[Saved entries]
· · · ·

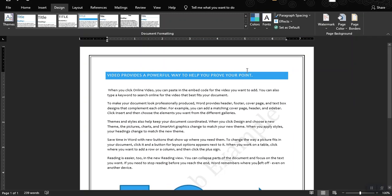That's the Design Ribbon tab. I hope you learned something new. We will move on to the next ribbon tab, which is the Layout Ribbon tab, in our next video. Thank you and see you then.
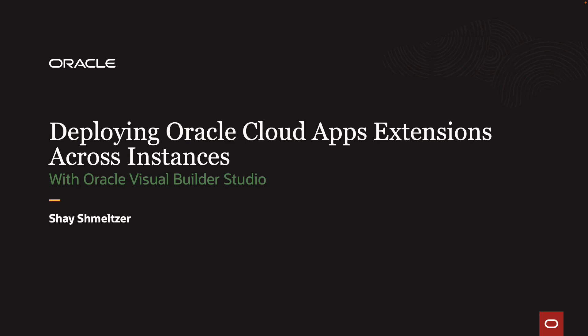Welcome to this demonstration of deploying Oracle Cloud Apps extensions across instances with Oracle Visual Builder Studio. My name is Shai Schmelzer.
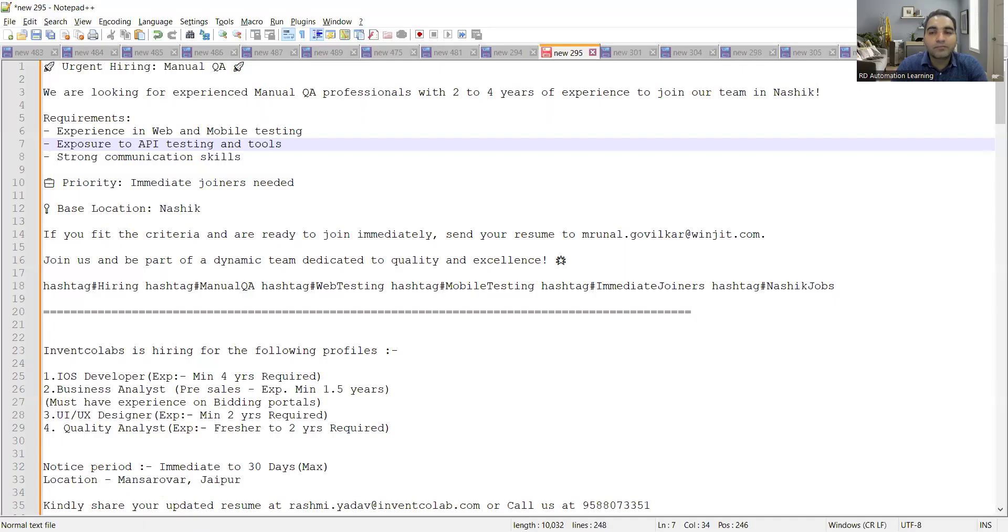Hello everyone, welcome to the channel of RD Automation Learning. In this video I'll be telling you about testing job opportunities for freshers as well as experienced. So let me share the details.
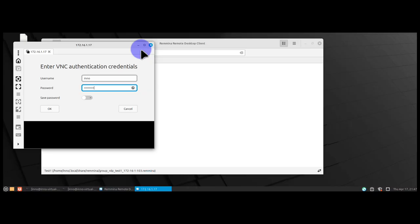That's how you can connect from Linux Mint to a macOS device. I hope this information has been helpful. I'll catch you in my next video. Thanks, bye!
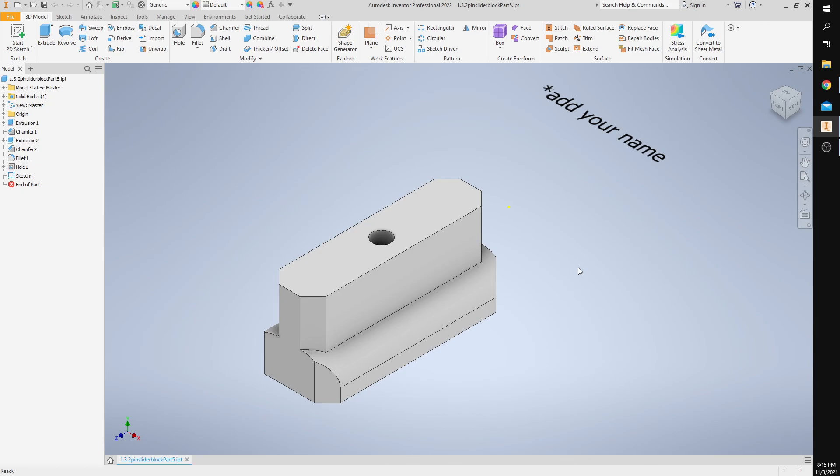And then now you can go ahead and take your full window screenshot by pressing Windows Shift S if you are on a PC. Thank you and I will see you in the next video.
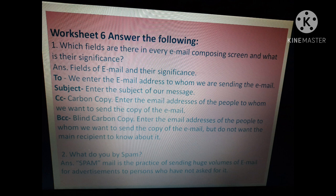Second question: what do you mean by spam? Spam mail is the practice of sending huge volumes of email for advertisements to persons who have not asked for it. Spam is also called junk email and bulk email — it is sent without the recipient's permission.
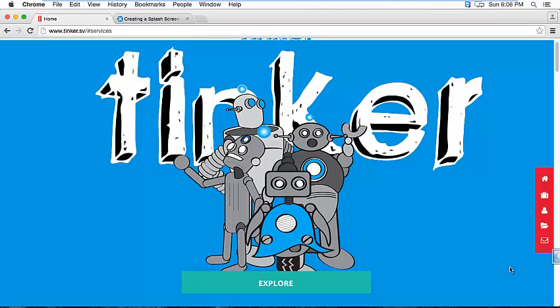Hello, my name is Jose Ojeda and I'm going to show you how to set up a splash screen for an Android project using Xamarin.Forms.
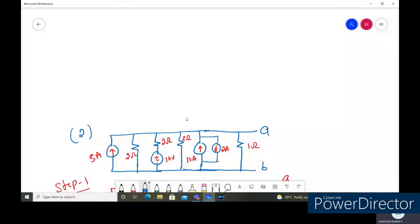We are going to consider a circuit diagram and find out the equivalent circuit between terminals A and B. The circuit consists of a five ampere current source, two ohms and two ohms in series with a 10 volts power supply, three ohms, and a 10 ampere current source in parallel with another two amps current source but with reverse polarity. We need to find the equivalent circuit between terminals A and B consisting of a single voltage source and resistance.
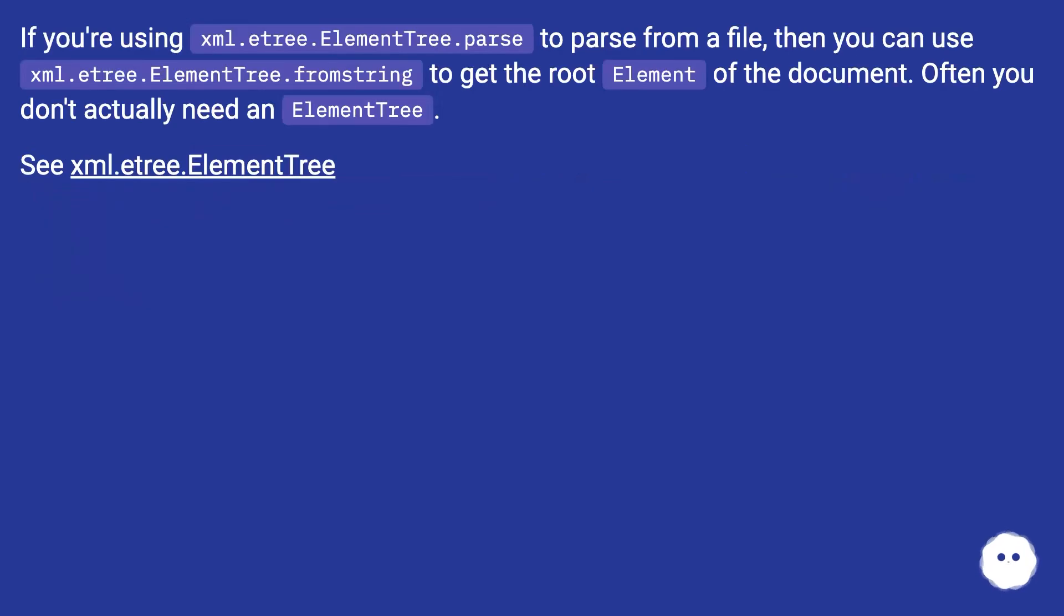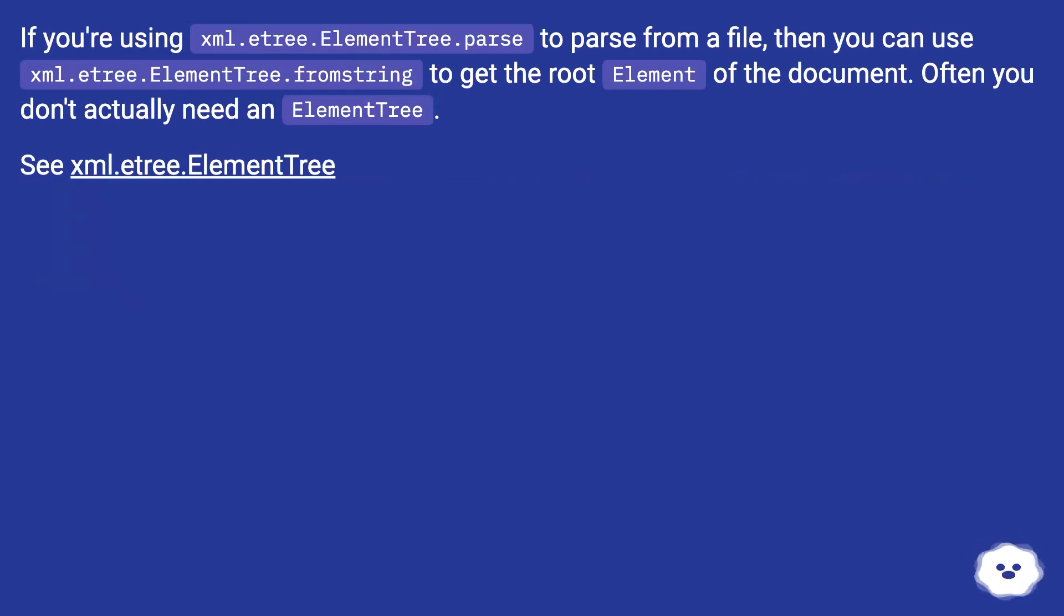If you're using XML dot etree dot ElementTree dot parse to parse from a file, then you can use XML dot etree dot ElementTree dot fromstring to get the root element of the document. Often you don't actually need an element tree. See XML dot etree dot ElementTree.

· · · ·

- **To do**: Retype the lines starting with the one that holds "We are going" and ending with the last line of the data above, both included; skip the pictures.

- **Solution to this exercise**:
We are going to consider a circuit diagram and find out the equivalent circuit between terminals A and B. The circuit consists of a five ampere current source, two ohms and two ohms in series with a 10 volts power supply, three ohms, and a 10 ampere current source in parallel with another two amps current source but with reverse polarity. We need to find the equivalent circuit between terminals A and B consisting of a single voltage source and resistance.
If you're using XML dot etree dot ElementTree dot parse to parse from a file, then you can use XML dot etree dot ElementTree dot fromstring to get the root element of the document. Often you don't actually need an element tree. See XML dot etree dot ElementTree.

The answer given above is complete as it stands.